390- Coercion and Inversion
“Raise a contribution for Me; from every man whose heart is willing, you shall raise My contribution.” RASHI interprets “for Me,” “for My name.” “Whose heart is willing,” RASHI interprets, “meaning donation, good will.”
We should understand the following:
1) “Taking” means by force. “His heart is willing” is good will. This contradicts “will take.”
2) Why does it write, “My contribution”? This implies that it is the contribution of the Creator. It should have said, “Take the contribution of he whose heart is willing”; why does it say, “My contribution”?
3) What does it mean when it says, “for My name”?
4) We need to understand the common question about the verse, “Wherever I mention My name.” It should have said, “You mention.”
The thing is that there are two degrees: “coercion” and “inversion.” Such as this we find in what our sages said in Avot de Rabbi Natan, “Who is a hero? He who makes his foe his friend.”
“Hero” means one who conquers his inclination, who is regarded as “forced against his will.” This is the meaning of “take,” implying by force. Afterward, he promises that you will come to an inversion, where his foe becomes his friend.
This is the meaning of “from every man whose heart is willing,” meaning that afterward he will have a good will. This is as Baal HaSulam said about the words of The Zohar, “When one is born, he is given a soul from the side of the pure beast.” This means that his beastly soul will agree to follow the ways of the Creator.
He said, “When a man is born and enters Kedusha [holiness],” it is a sign that he has been rewarded with a soul of a pure beast, that his beastly soul agrees to walk in the ways of the Creator. This is called “inversion.” It follows that first, one must take against his will although his body disagrees to walk on the path of truth which is called “for Me,” “for My name.”

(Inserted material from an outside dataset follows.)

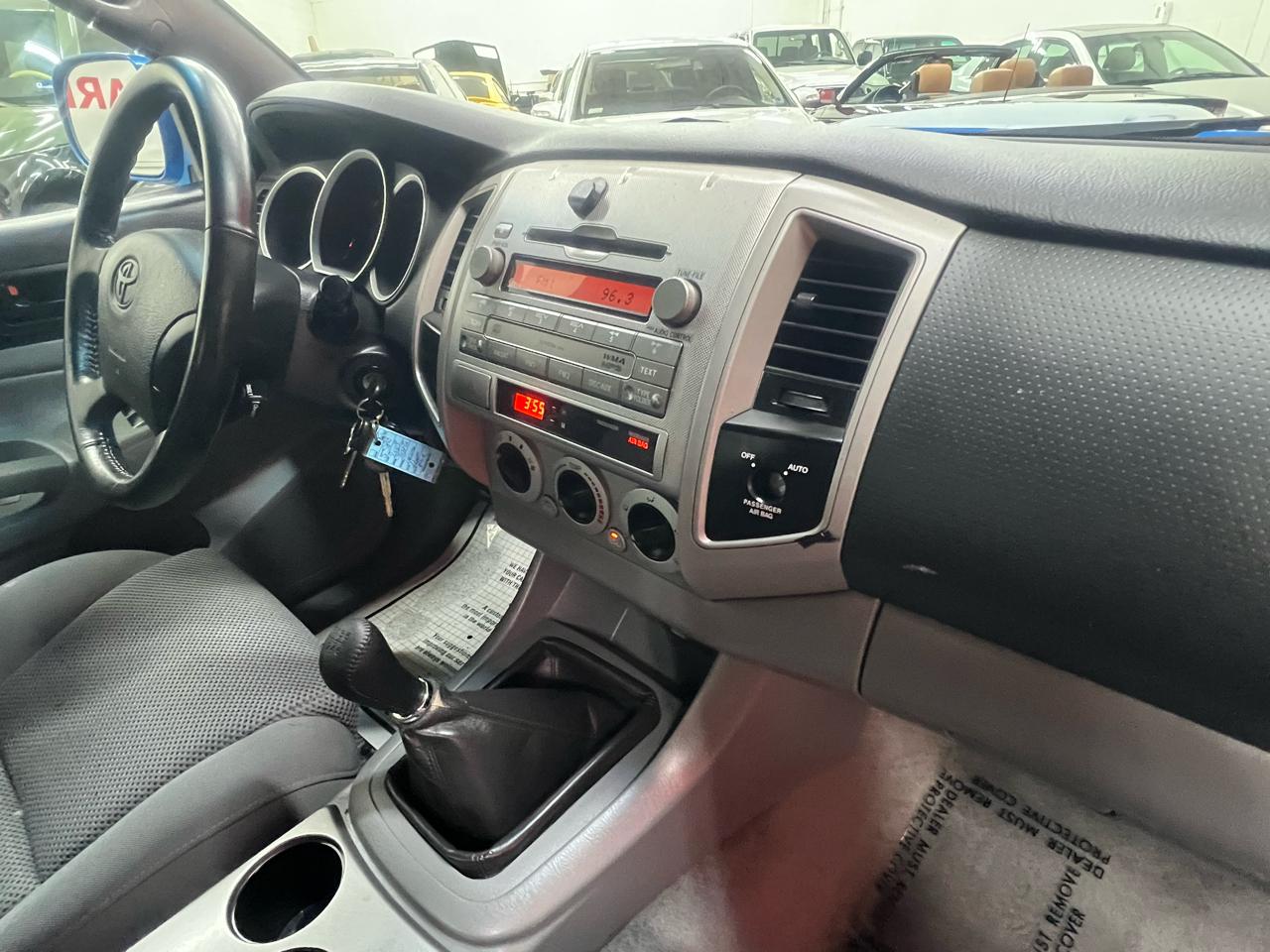 Toyota Tacoma X-Runner V6 2WD 2009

When we are told to walk on a path where everything is for the sake of the Creator, the body resists. But later it will be rewarded with “his heart is willing,” meaning that the body will agree. This is the meaning of “whose heart is willing, you shall take My contribution,” meaning that the “for the sake of the Creator” that was there before, as in “You shall take My contribution,” called “for the sake of the Creator,” afterward we are rewarded with it being in the manner of “whose heart is willing,” voluntarily.
Concerning his interpretation of “for Me” as “for My name,” indeed, a person has nothing to give to the Creator, as it is written, “If you are right, what will you give Him?” All that one can give to the Creator is the intention, called “for My name.” There is nothing more that he can give Him because the Creator has no deficiencies so He can be given something. Thus, all that we give Him is the intention.
Even the intention for the sake of the Creator is not for the Creator’s benefit but for man’s benefit, for by this, man will receive all the pleasures without the bread of shame, since through equivalence of form, he emerges from receiving to a state of giving. At that time, a person can receive all the pleasures.
This is called “for My name.” If the Creator can say that this place is “My name,” since the person said that he does not want anything for his own benefit, but everything is for the Creator, then the Creator can mention His name there, since the man has cancelled his own authority and made the place for the Creator.
At that time, “I will come to you and bless you.” At that time, the blessing of the Creator can come there—all that the Creator wants to bestow upon His creations.